Author: Gerard Lopez
Date: 2014-11-10
Class: JHBSPH - Exploratory Data Analysis
Project: 1
This assignment uses data from the UC Irvine Machine Learning Repository, a popular repository for machine learning datasets. In particular, we will be using the "Individual household electric power consumption Data Set" which I have made available on the course web site:
-
Dataset: Electric power consumption [20Mb]
-
Description: Measurements of electric power consumption in one household with a one-minute sampling rate over a period of almost 4 years. Different electrical quantities and some sub-metering values are available.
The following descriptions of the 9 variables in the dataset are taken from the UCI web site:
- Date: Date in format dd/mm/yyyy
- Time: time in format hh:mm:ss
- Global_active_power: household global minute-averaged active power (in kilowatt)

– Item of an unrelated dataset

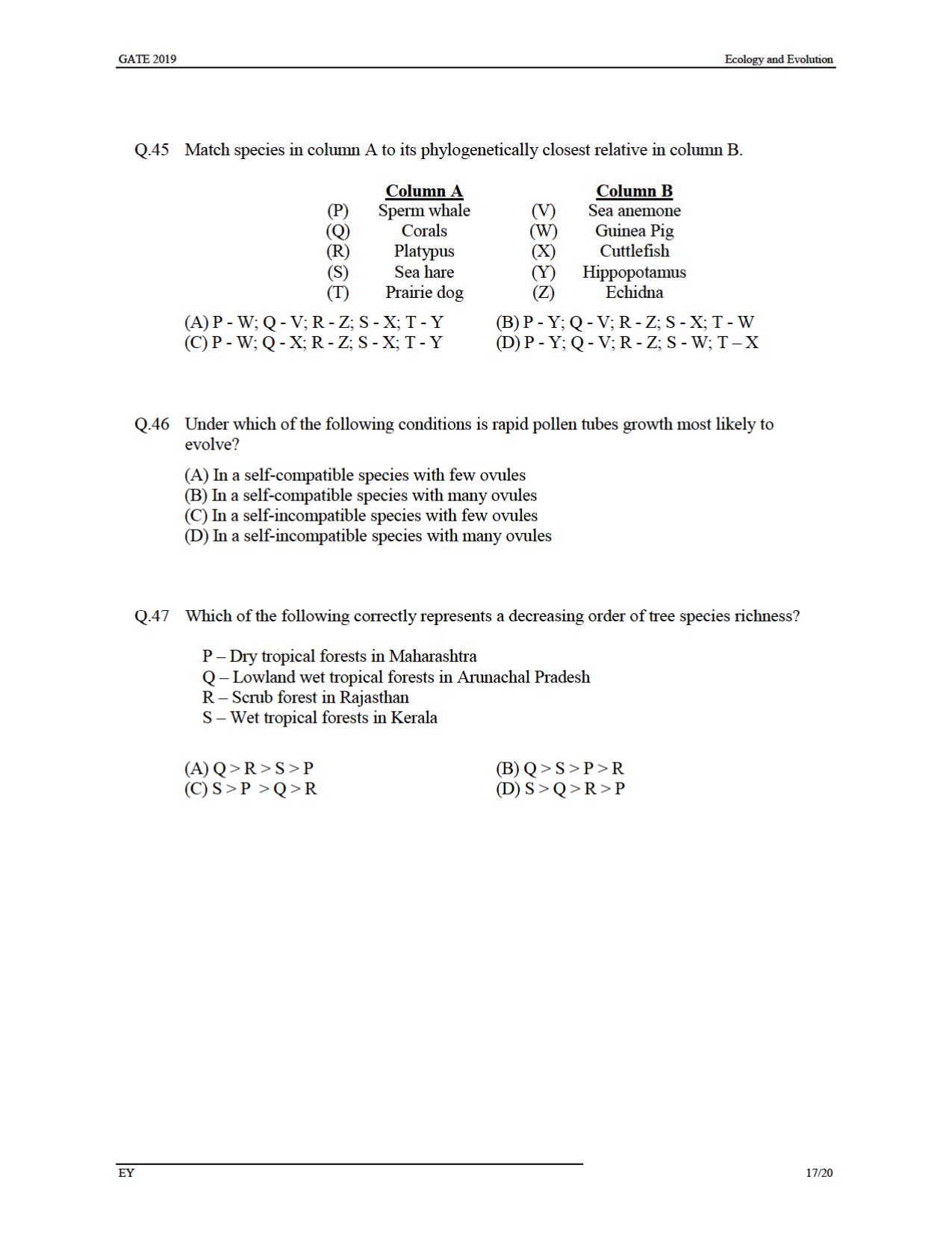 GATE 2019 Ecology and Evolution (EY) Question Paper - Page 20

- Global_reactive_power: household global minute-averaged reactive power (in kilowatt)
- Voltage: minute-averaged voltage (in volt)
- Global_intensity: household global minute-averaged current intensity (in ampere)

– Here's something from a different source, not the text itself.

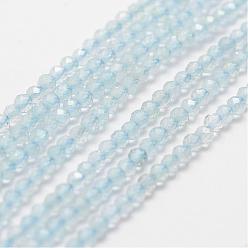 Aquamarine Natural Aquamarine Bead Strands, Grade AA, Faceted, Round, 2mm, Hole: 0.5mm, about 160~179pcs/strand, 12.5 inch~12.9  inch(320~330mm)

- Sub_metering_1: energy sub-metering No. 1 (in watt-hour of active energy). It corresponds to the kitchen, containing mainly a dishwasher, an oven and a microwave (hot plates are not electric but gas powered).
- Sub_metering_2: energy sub-metering No. 2 (in watt-hour of active energy). It corresponds to the laundry room, containing a washing-machine, a tumble-drier, a refrigerator and a light.

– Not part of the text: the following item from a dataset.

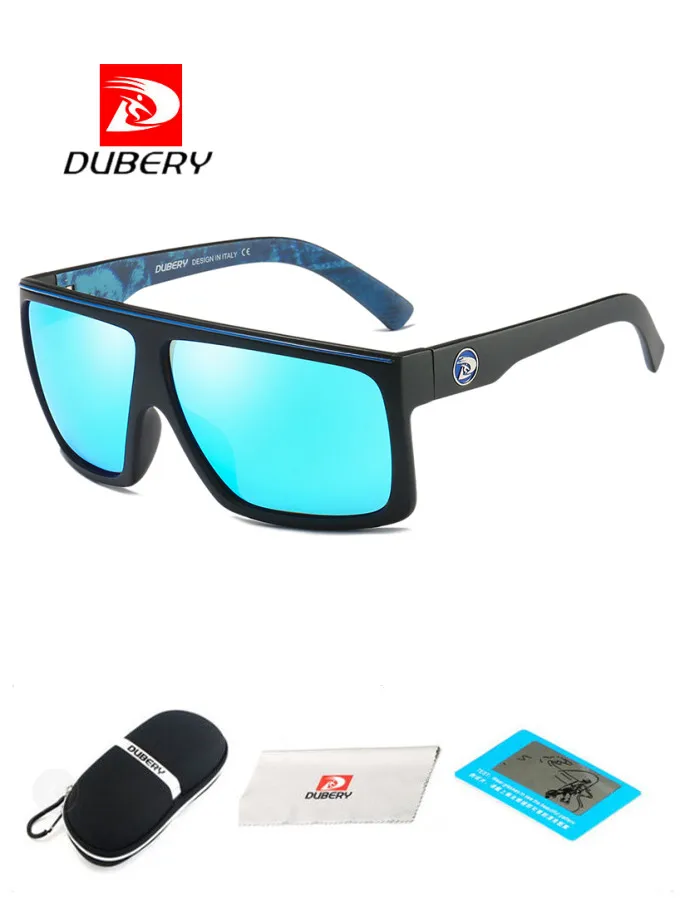 818B5 Бренд dubery, дизайнерские поляризованные HD солнцезащитные очки, мужские очки для вождения, мужские ретро солнцезащитные очки, летние зеркальные квадратные очки UV400 - Цвет линз: 818B5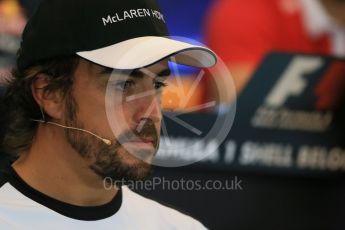 World © Octane Photographic Ltd. FIA Drivers’ Press Conference. Thursday 23rd July 2015, F1 Belgian GP, Spa-Francorchamps, Belgium. Fernando Alonso – McLaren Honda. Digital Ref: 1371LB1D7236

- Sub_metering_3: energy sub-metering No. 3 (in watt-hour of active energy). It corresponds to an electric water-heater and an air-conditioner.
The getPowerData.R script needs to be run first. It will download the data from the website to a local copy. It will then create a data frame with data from only the dates "2/2/2007" and "1/2/2007". It will set the column data types appropriately and add a column for datetime which are the date and time columns joined together. If household_power_consumption.txt is already in the local directory then it will use that copy instead of downloading a fresh one from the website.
getPowerData.R will output a data frame called PowerData that will be used be each of the subsequent scripts to produce the plots.
plot1.R, plot2.R, plot3.R, and plot4.R all use the PowerData data frame produced in getPowerData.R to produce the .png files: plot1.png, plot2.png, plot3.png and plot4.png respectively.